I see the 90 day offers but no TV Guide.


----------



## Meemo (Oct 27, 2008)

Seamonkey said:


> I see the 90 day offers but no TV Guide.


Sorry, I should've included the link since it's not included with the "special for Fire" 90-day trial offers. (Which I think is why I can also put it on my iPad, although it says my Kindle app needs to be updated, and I already updated it for magazines...)


And it's only 99 cents a month for the subscription, so if I like it I might just keep the subscription - depending on how much I really use it for the 90 days.


----------



## Steph H (Oct 28, 2008)

But if you look at the TV Guide page, it says to the right where you'd click to subscribe that it's got its own 90-day free trial, I noticed that when I was browsing earlier. I haven't actually tried yet, I contacted regular TV Guide CS to see if I can transfer my current subscription to digital since it doesn't expire until September.

(You kind of mention it has the 90-day, Meemo, but just to make it clear...even though it's not in the batch of 'way cool special deal' mags, it does in fact have it's own 90-day deal.   )


----------



## Ann in Arlington (Oct 27, 2008)

Interesting:  I just checked the TV Guide as linked in the previous post; the default to send it to was my Fire. . . .which is interesting as the default is usually one of my eInk Kindles.  It definitely stated '90 day trial' above the 'buy' button.  So I'm guessing this is a Fire optimized edition. . . .we'll see!


----------



## Kindle-lite (Apr 9, 2009)

I got the Vanity Fair subscription which said $1.99 per month after the 90 day free trial, but the renewal in Feb. says it will be a bill for $19.99.  So, I take it they bill you for the entire year (or in the case 10 months)?  I was thinking it would be monthly but for the year makes more sense, I guess.

Anyone else get different billing info?  Thank you.


----------



## Ann in Arlington (Oct 27, 2008)

Kindle-lite said:


> I got the Vanity Fair subscription which said $1.99 per month after the 90 day free trial, but the renewal in Feb. says it will be a bill for $19.99. So, I take it they bill you for the entire year (or in the case 10 months)? I was thinking it would be monthly but for the year makes more sense, I guess.
> 
> Anyone else get different billing info? Thank you.


Hmmm. I'd ask Kindle CS about that. The subscriptions I have are billed monthly. . . .but so far they're only the kind with the 14 day trial. Where did you see the different pricing?


----------



## Kindle-lite (Apr 9, 2009)

when I checked out my subscriptions on the app store on the Fire...maybe I should canceled the auto renewal?


----------



## Ann in Arlington (Oct 27, 2008)

Hmmm.  I don't have any magazines as apps.
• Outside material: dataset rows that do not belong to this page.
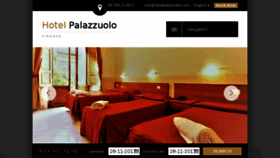 What Hotelpalazzuolo.com website looked like in 2017 (6 years ago)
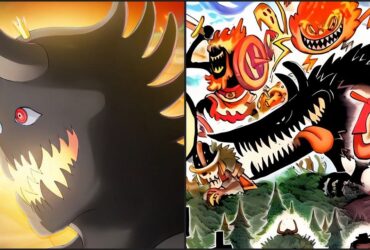 Oda Reveals The Legendary Beasts Of Elbaf Mythology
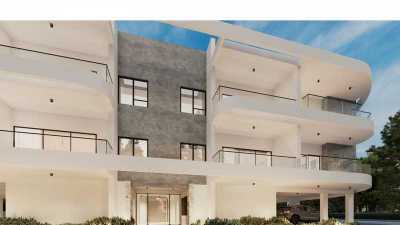 Apartment For Sale in Lakatameia, Cyprus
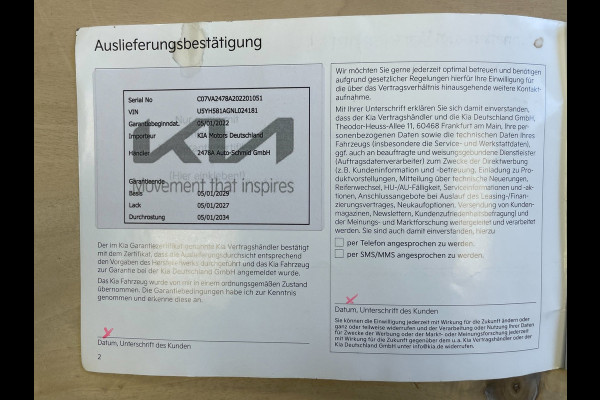 Kia Ceed Sportswagon 1.6 GDI PHEV DynamicPlusLine|BLACK-WHITE|ELEK.STOELEN|MEMORY|ACC|ANDROID,CARPLAY|STUUR+STOELVERW V+A|CAMERA|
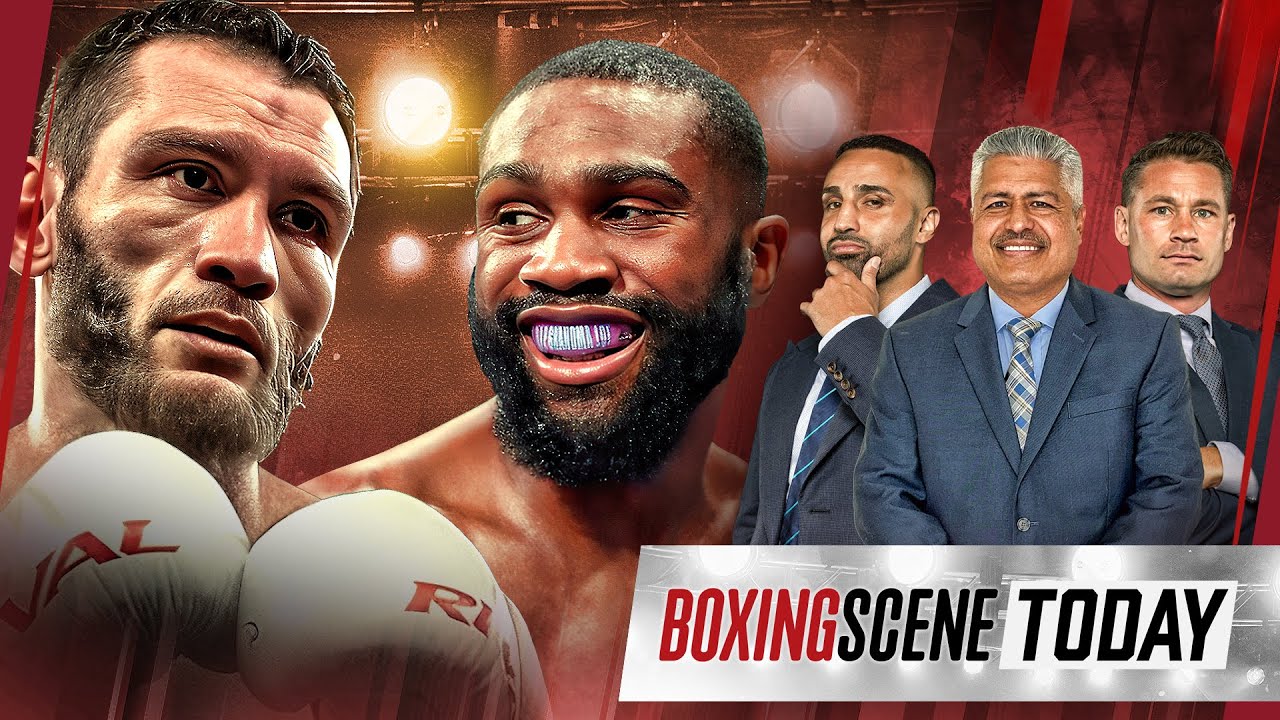 Boots Ennis Under Fire for His Opponent Choice, Plus Bakhram Murtazaliev’s Struggle for Big Fights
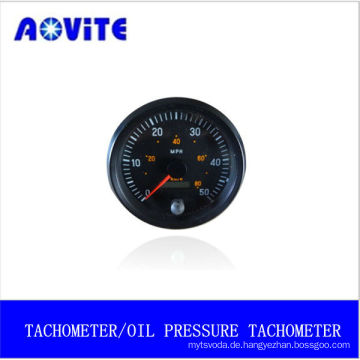 Terex Muldenkipper TACHOMETER/Temperaturanzeige/Druckanzeige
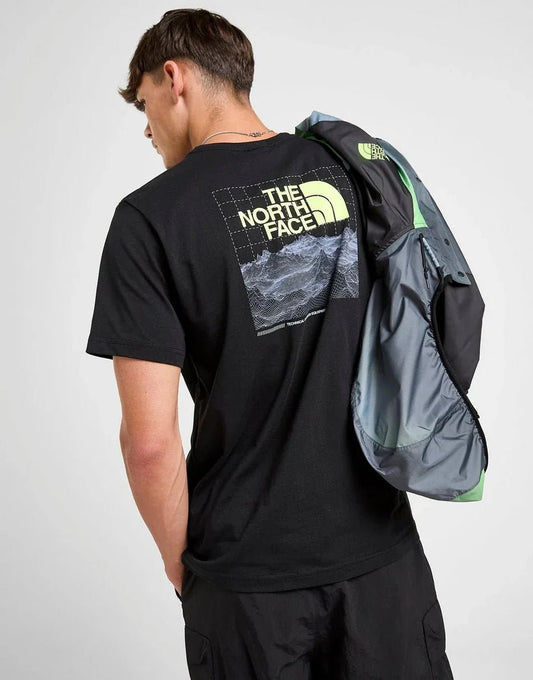 The North Face Digital Info T-Shirt - kleostreetwear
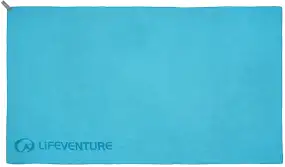 Полотенце Lifeventure Micro Fibre Comfort L Aqua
I can see my subscriptions through MYK on Amazon via my computer -- subscriptions settings.

and they're shown as well under Kindle Payment settings. . .all shown to bill monthly. . .hmmm. . . btw, I see one there I need to cancel.


----------



## Meemo (Oct 27, 2008)

Kindle-lite said:


> when I checked out my subscriptions on the app store on the Fire...maybe I should canceled the auto renewal?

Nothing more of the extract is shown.